In the final rule, the definition of non-patient-facing physicians was changed to those who bill less than 100 patient-facing encounters. If a group of eligible physicians has 75% of clinicians meeting the non-patient-facing definition, then all physicians in the group will meet the definition. Examples of patient-facing encounter include evaluation and management services and cross-cutting measures set by the CMS. Non-patient-facing physicians also will know if they fit this definition ahead of a performance period.
How the CMS sets this definition will affect pathologists and their scoring under MIPS. The CMS finalized a proposal to automatically reweight the Advancing Care Information category to zero for a MIPS eligible clinician who meets the non-patient-facing definition.

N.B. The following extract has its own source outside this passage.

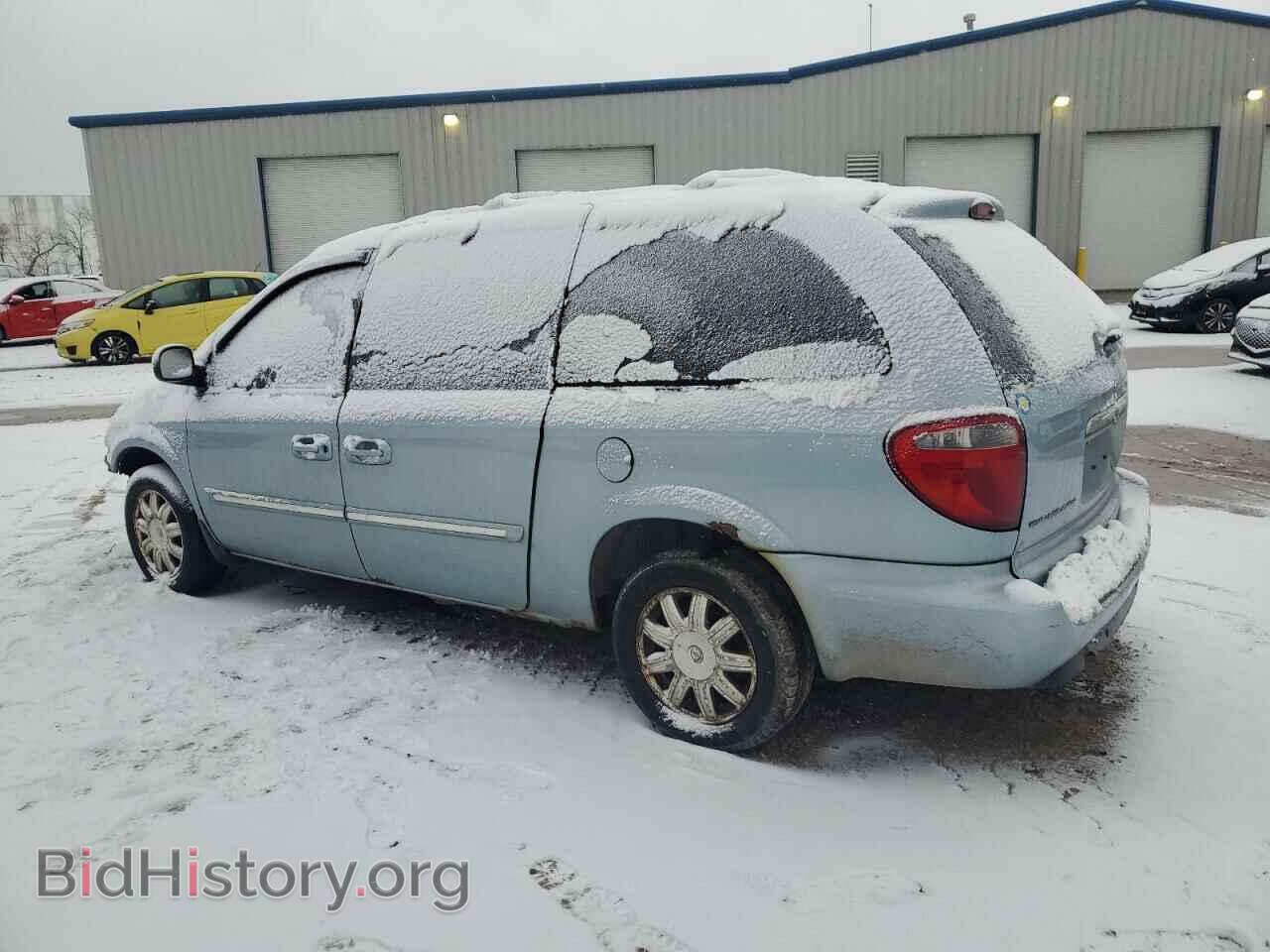 2006 CHRYSLER TOWN & C - VIN: 2A4GP54L96R821909 - Фото 2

Alternative Payment Models (APMs)
As in the proposed rule, if clinicians receive 25% of Medicare covered professional services or see 20% of Medicare patients through an advanced APM in 2017 then they earn a 5% Medicare incentive payment in 2019.
The CMS finalized the same five types of APMs for 2017 as in the proposed rule, but indicates it may update its APM listing before January 1, 2017. It is also considering testing a new Medicare ACO Track 1+ model and exploring adding two other models that would be new, advanced APMs in 2018. While the models that qualify as advanced APMs has not expanded from the initial five, the CMS has eased the financial risk criteria from the proposed rule in an effort to have a broader range of future models. The CMS estimates about 25% of eligible clinicians will be part of advanced APMs in 2018.
As far as physician-focused payment models, the final rule seems to have raised the bar as these models must go through the CMS APM development process, be open to public announcement, and request for applications before implementation.